TASK INPUT ->
※

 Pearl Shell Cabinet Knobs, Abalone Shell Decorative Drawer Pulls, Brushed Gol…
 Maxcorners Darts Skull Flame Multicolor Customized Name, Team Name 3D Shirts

※

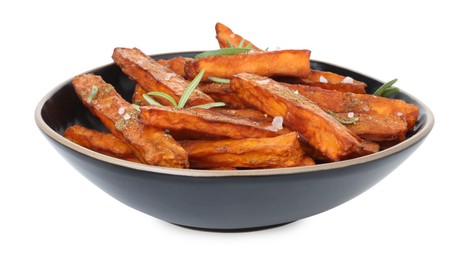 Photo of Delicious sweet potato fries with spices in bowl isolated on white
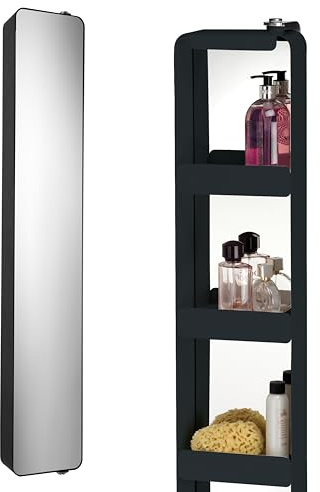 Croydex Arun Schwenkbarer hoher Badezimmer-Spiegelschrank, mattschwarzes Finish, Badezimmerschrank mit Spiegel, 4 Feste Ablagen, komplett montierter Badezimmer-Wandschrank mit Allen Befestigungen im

※

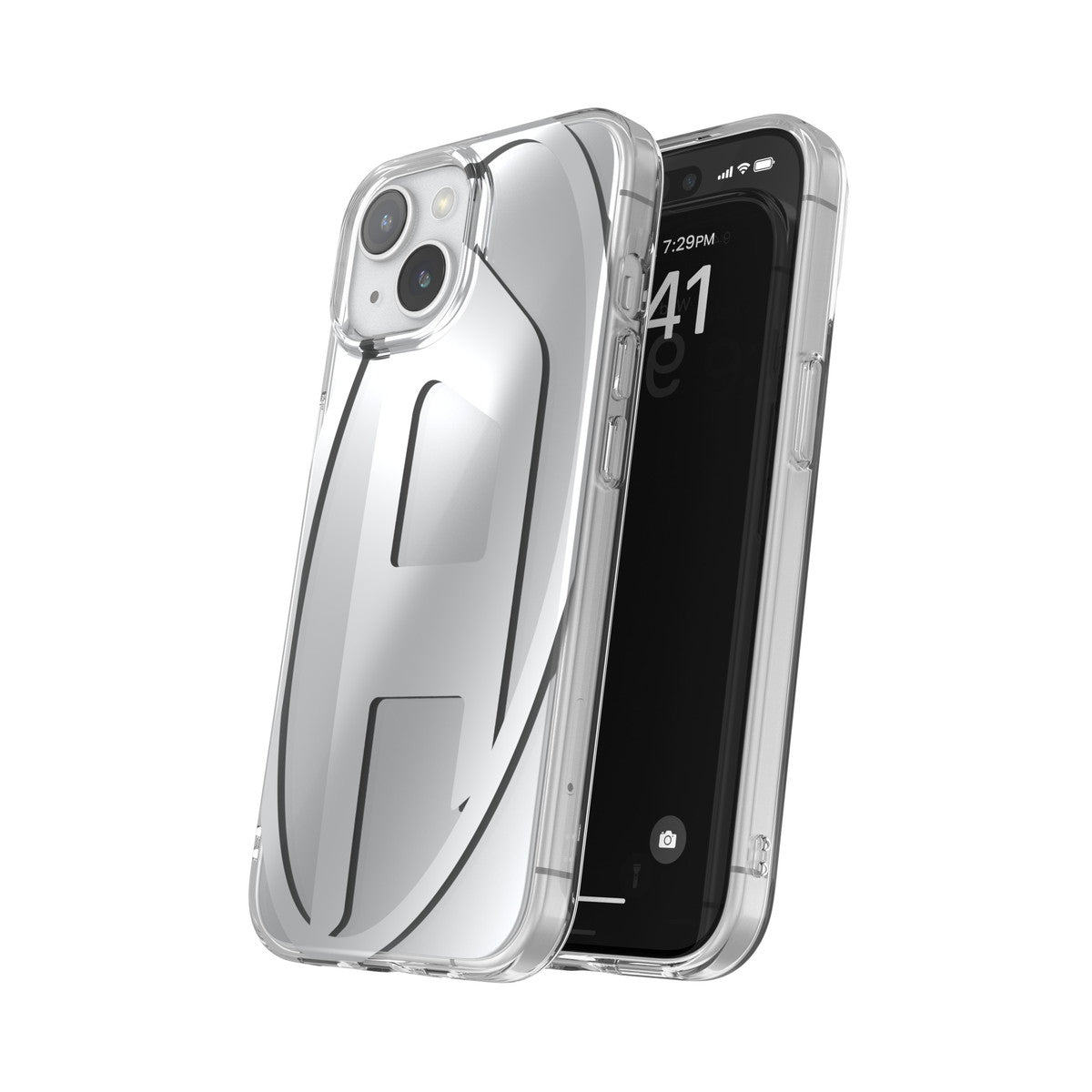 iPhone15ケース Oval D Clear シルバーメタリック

※

ACTIVITY -> Lines wanted from the listing above: the line with "Pearl Shell Cabinet" up to and including the line with "Maxcorners Darts Skull". Please write them out exactly, adding nothing else.

SOLUTION TO THIS EXERCISE ->
 Pearl Shell Cabinet Knobs, Abalone Shell Decorative Drawer Pulls, Brushed Gol…
 Maxcorners Darts Skull Flame Multicolor Customized Name, Team Name 3D Shirts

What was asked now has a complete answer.